L’aveuglement de la cupidité
Ma libre opinion du 9 mai 2005 s’intitulait : « La provocation des grands patrons ». Je parlais du départ de Daniel Bernard de Carrefour et je disais déjà : « Au niveau du complément de retraite cela représente plus de 2 000 ans de Smic brut. Comment peut-on raisonnablement accepter de tels dérapages ? Si la motivation d’un grand patron est l’argent, à ce niveau là c’est qu’il est indigne de la fonction. Le 5 juin 2006, ma libre opinion s’intitulait : « Une société juste ». J’y parlais du scandale des primes de départ d’Antoine Zacharias et, notamment de celle de 500 ans de Smic qu’il avait osé réclamer pour le rachat juteux des autoroutes du Sud de la France, bradées par le gouvernement. Le 4 février 2008, je traitais de la spéculation financière et je dénonçais « tous ceux qui ont cherché à s’enrichir en spéculant plutôt qu’en travaillant ». Barack Obama a eu le courage de dire : « Ce qui scandalise les gens, c’est qu’on récompense des dirigeants de leur échec, surtout quand c’est le contribuable qui subventionne la récompense. ». Il était donc urgent de remettre de l’ordre dans la maison humaine et de faire cesser ces injustices qui peuvent aboutir à une révolution violente. Le sommet du G20 semble s’y être décidé et c’est une bonne nouvelle. Le comportement indécent de quelques patrons cause un préjudice à tous les autres patrons de petites ou moyennes entreprises qui assument tous les risques pour des revenus corrects, mais à des années-lumière de ceux des banquiers et des patrons des grands groupes. La consanguinité des conseils d’administration des grandes banques et des grands groupes est une des causes de ces dérives.

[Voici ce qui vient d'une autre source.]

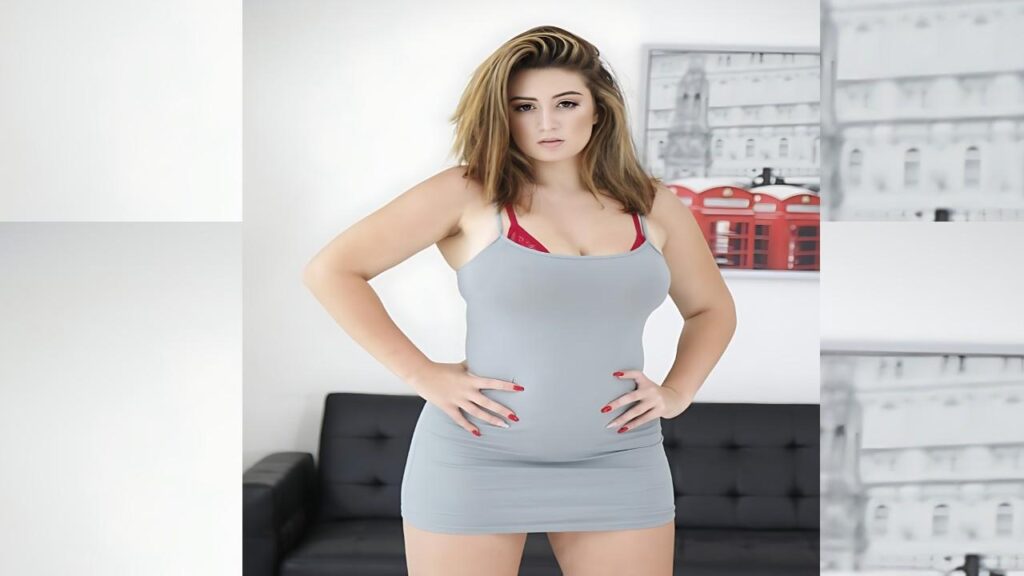 Britt James with shoulder-length blonde hair in a light gray bodycon dress, hands on hips in a bright living room.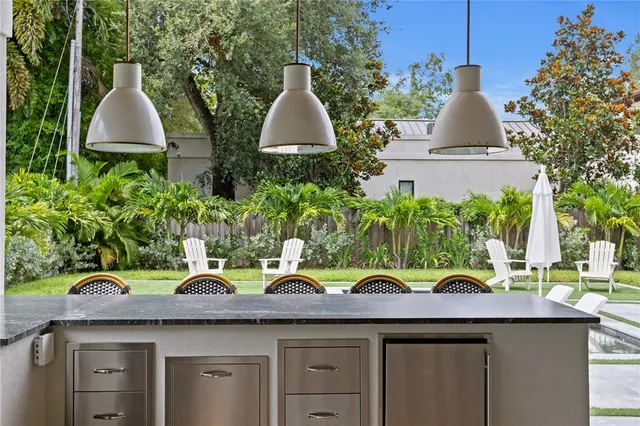 a view of a backyard with swimming pool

Philippe Askenazy, dans « Le monde de l’économie » explique la dérive du salaire maximum. « Pour attirer un meilleur manager, il suffit donc de verser un salaire supérieur à celui offert par les autres entreprises. La référence n’est donc plus la performance absolue du dirigeant, mais la rémunération à laquelle il peut prétendre ailleurs…Pour que la rémunération des grands patrons baisse significativement, il faudrait que l’ensemble des groupes qu’ils dirigent se coordonnent pour la diminuer simultanément ». Cela semble utopique, tellement l’argent rend fou. Seule, une conscience individuelle et collective pourrait limiter les dérapages que nous avons connus. Dominique Quinio dans « La Croix » écrit à ce sujet : « Si, devant la crise économique qui frappe nos pays, chacun ne fait pas preuve de rigueur, de responsabilité, il est illusoire de penser que la cohésion sociale en sortira grandie ou que se comblera le fossé entre des Français d’en haut (de très haut) et tous les autres ».
Des comportements scandaleux comme ceux de certains grands dirigeants sont le terreau d’une révolution. Ces quelques dirigeants cupides sont aveugles et ne mesurent pas la jalousie sociale exacerbée qu’ils suscitent. Les sanctionner n’est que justice et mesure de salubrité sociale. Envisager la fixation d’une rémunération maximum n’a rien de choquant.